> **DATA PROVIDED**
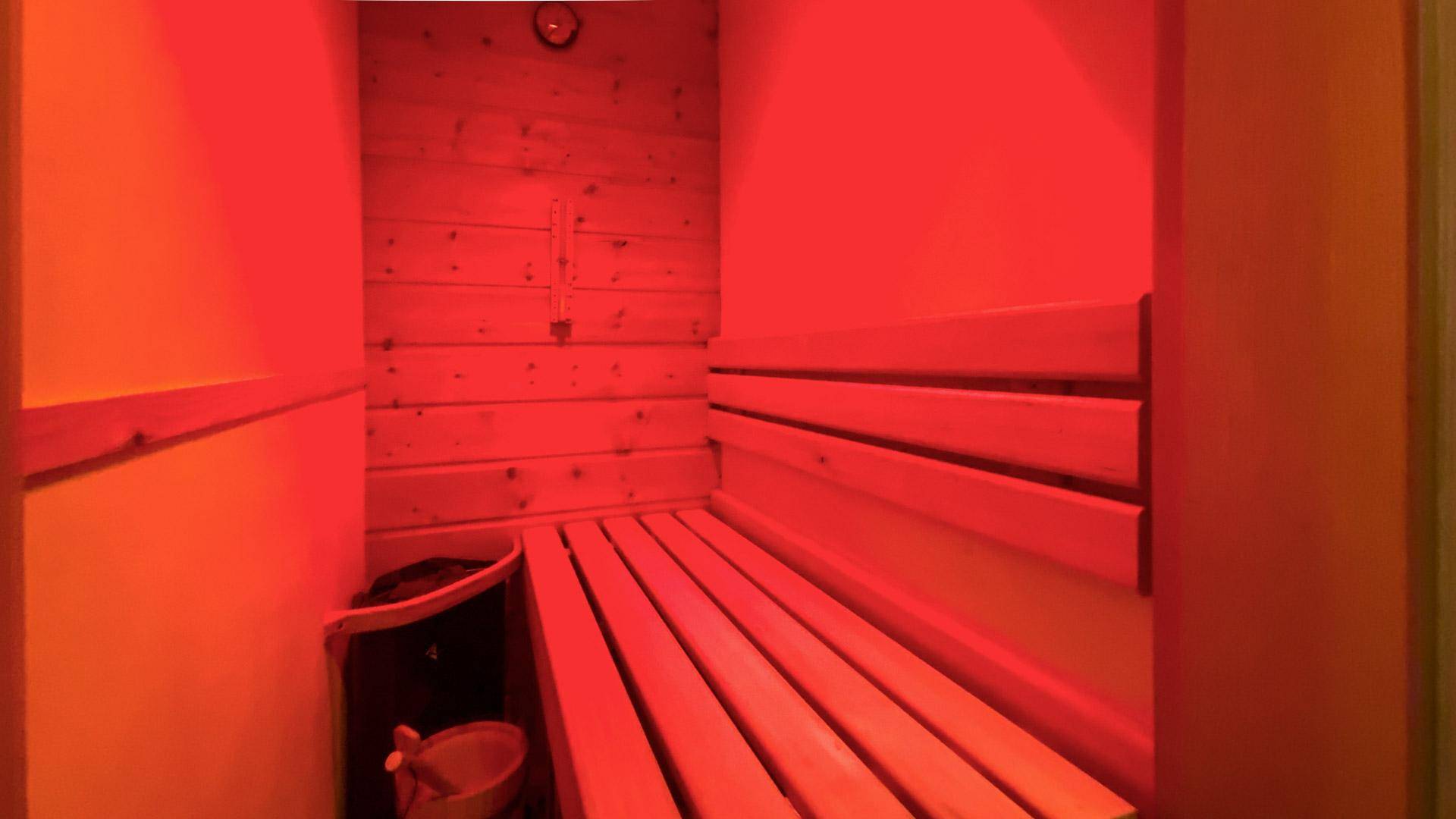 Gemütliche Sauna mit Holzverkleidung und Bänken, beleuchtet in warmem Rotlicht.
* * *
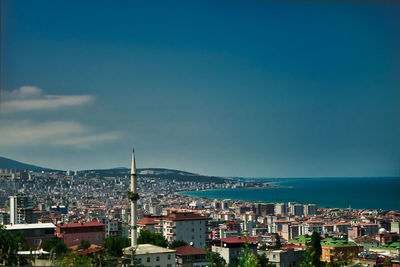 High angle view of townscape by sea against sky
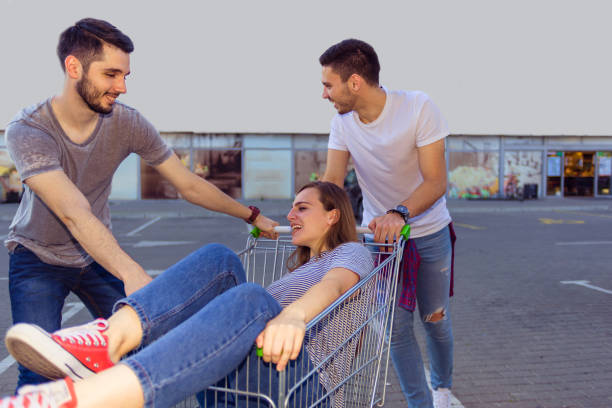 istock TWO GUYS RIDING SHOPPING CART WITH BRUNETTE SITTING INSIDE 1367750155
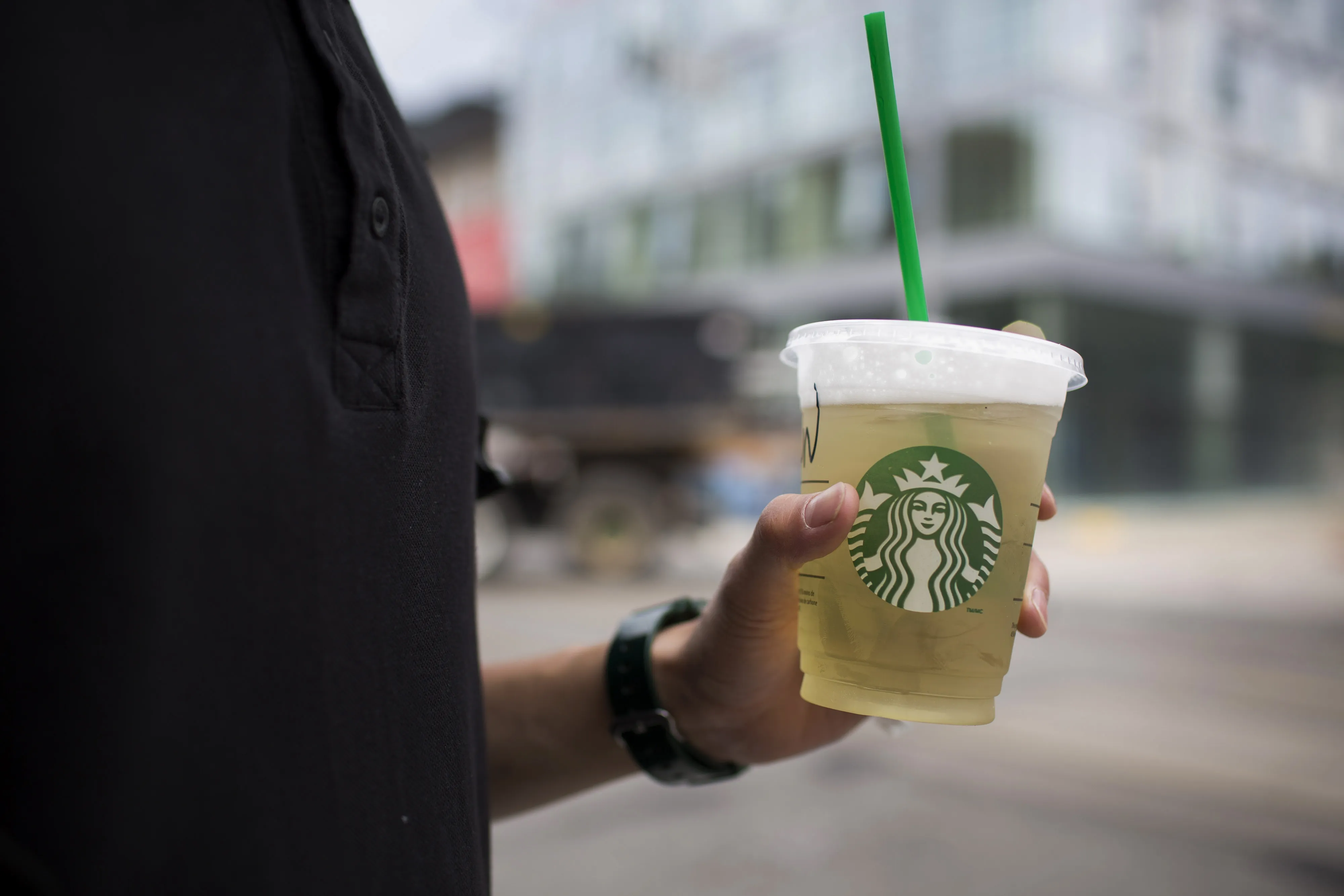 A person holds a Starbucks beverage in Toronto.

> **EXERCISE GOAL**
Drop the pictures; return the lines above from the line containing "istock TWO GUYS" to the line containing "A person holds", both included, exactly.

> **SOLVED PROBLEM**
 istock TWO GUYS RIDING SHOPPING CART WITH BRUNETTE SITTING INSIDE 1367750155
 A person holds a Starbucks beverage in Toronto.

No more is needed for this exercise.